– JIANLI YANG AND AARON RHODES
Newsweek (12.08.2020) – https://bit.ly/3kIvwkS – “Genocide” is a word that should only be used with great caution in the world of international relations and human rights. If genocide is recognized and verified, it imposes an unconditional moral obligation to intervene to stop the extermination of the victimized group. We are correct to preserve a narrow definition of the term, and to apply it only in cases that reach the threshold of horror it signifies; otherwise, the term will lose its meaning.
But by the same token, we must seek and face the bitter truth when evidence of genocide appears. We owe it to the millions of ghosts from the last century—victims not only of genocide, but of denial, appeasement, bureaucratic dithering, prejudice and indifference. Even more, we owe it to people at risk today, like the Uyghurs of Xinjiang, China. Make no mistake, free and democratic nations today face a moral test the likes of which have not been seen since the onset of Nazi Germany’s (largely successful) effort to exterminate Europe’s Jews.
Today, we know and should understand more. Since it came into force in 1951, we have the Convention on the Prevention and Punishment of Genocide. The Convention defines genocide as “any of the following acts committed with intent to destroy, in whole or in part, a national, ethnical, racial or religious group, as such:
- Killing members of the group;
- Causing serious bodily or mental harm to members of the group;
- Deliberately inflicting on the group conditions of life calculated to bring about its physical destruction in whole or in part;
- Imposing measures intended to prevent births within the group;
- Forcibly transferring children of the group to another group.”
While no government has declared a genocide in Xinjiang, documentary evidence has become irrefutable that all of these things are happening to the Uyghur population. At the very least, it is certain that we are witnessing a genocide in the making, and it is our highest responsibility to prevent it from developing into a mass slaughter.
Like all international treaties concerning humanitarian issues, the Genocide Convention rests on a foundation of national sovereignty and self-regulation. It obligates states to prosecute those who incite genocide, those who conspire and perpetrate the international crimes it includes, and those who are complicit.
The UN Committee on the Elimination of Racial Discrimination describes Xinjiang as “a massive internment camp shrouded in secrecy, a ‘no rights’ zone, while members of the Xinjiang Uyghur minority, along with others who were identified as Muslim, were being treated as enemies of the state based on nothing more than their ethno-religious identity.” Yet when China’s human rights record was last examined by the UN, only a handful of states challenged the Chinese delegation’s official characterization of the Uyghur detention camps as “vocational educational and training centers”—a tactic apparently inspired by the Nazi regime’s cynical charades.

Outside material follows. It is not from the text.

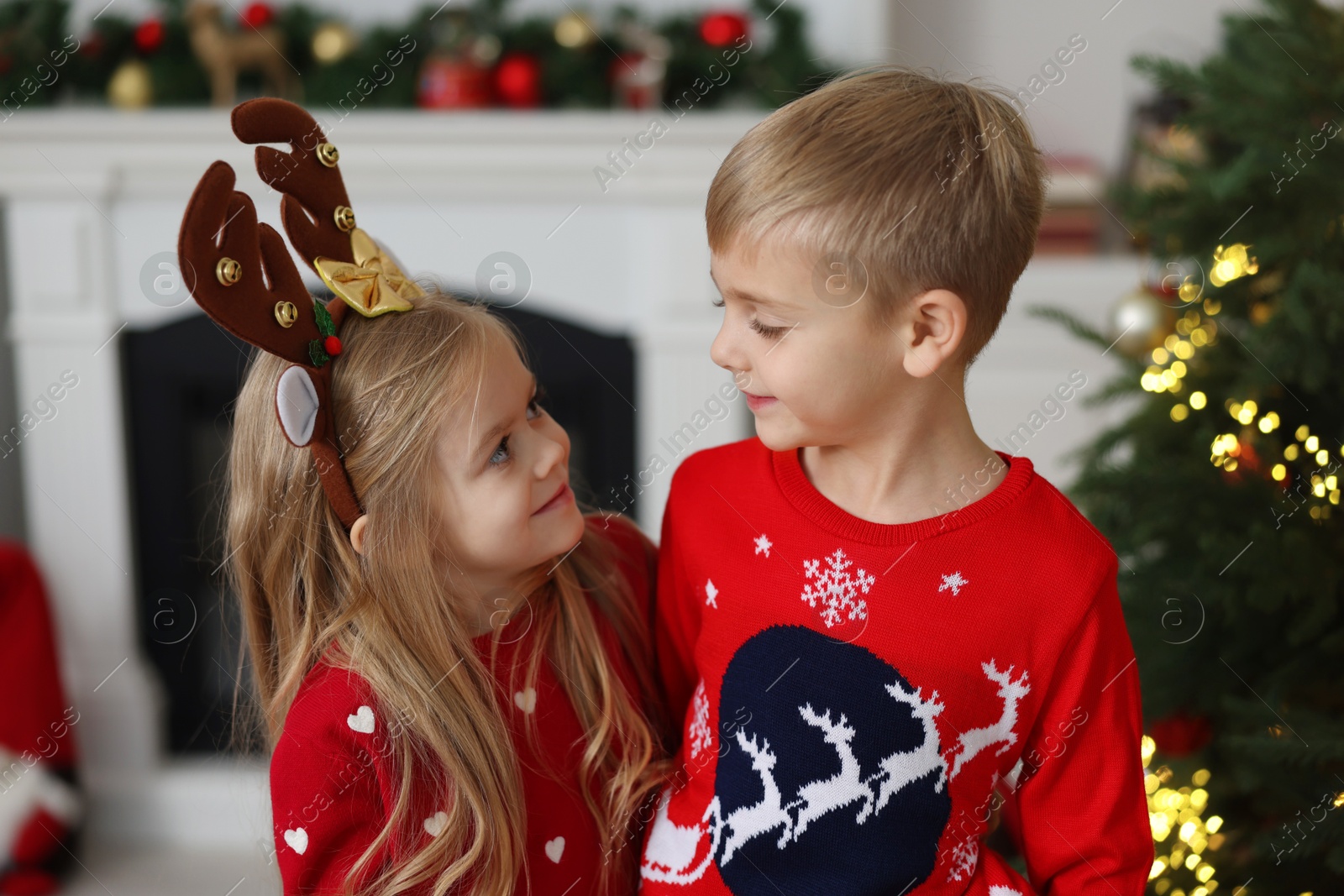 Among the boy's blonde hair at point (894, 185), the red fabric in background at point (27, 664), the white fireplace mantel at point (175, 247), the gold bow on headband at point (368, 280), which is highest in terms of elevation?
the boy's blonde hair at point (894, 185)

In a future, democratic China, perpetrators of the crimes in Xinjiang will hopefully be fairly tried by independent courts. But this is the specter paradoxically driving the genocidal dynamic in China, and we need only refer again to Nazi Germany for insights into its internal logic. There, the policy of extermination assumed a thoroughly apocalyptic form; knowing their crimes would be punished hardened the Nazis’ position, and they accelerated their crimes as the Allied Powers closed in on Berlin. The persecution of the Uyghurs is part of a racist-nationalist strategy to mobilize the Han Chinese by demonizing minority groups—a project which will end in disaster for its architects if it fails. Potential witnesses must be silenced or destroyed. Huge numbers of Chinese Communist officials are apparently more strongly committed to the preservation of their inhuman regime precisely because they face trials and retribution if it falls.
The Genocide Convention has 152 contracting parties, but offers those parties no real leverage for constraining states on the verge of committing a crime. The International Criminal Court could take up the issue, even though China is not a party to the Court’s underlying treaty. Unfortunately, the politics of multilateral human rights organizations and international courts may encourage high-minded posturing, but they mitigate against decisive actions, as good-faith efforts to use available tools encounter paralysis and moral equivalence.
Realistically, the only way the atrocities against the Uyghurs will end is by international concerted efforts led by the bilateral actions of powerful states—and those of the Chinese people themselves. Some Muslim states have oil-based leverage on China, but have shamefully ignored the problem; Iran has even entered into an alliance with China. Germany, the strongest country in Europe, is waffling.
In this situation, the United States government has taken the lead with legislation and sanctions. In June, President Trump signed the Uyghur Human Rights Policy Act of 2020 into law. The Chinese government said the bill “wantonly smeared China’s counter-terrorism and anti-radicalization efforts.”
Will these actions interrupt the dynamic of genocide? It seems doubtful, unless they are joined by many more. With the world’s second-most powerful state tightening a noose around the neck of the Xinjiang Muslim population, China is threatening not only the Uyghurs, but also the fragile moral fabric of solidarity with threatened peoples everywhere.
Dr. Jianli Yang is founder and president of Citizens Power Initiatives for China. Dr. Aaron Rhodes is president of the Forum for Religious Freedom-Europe.
The views expressed in this article are the writers’ own.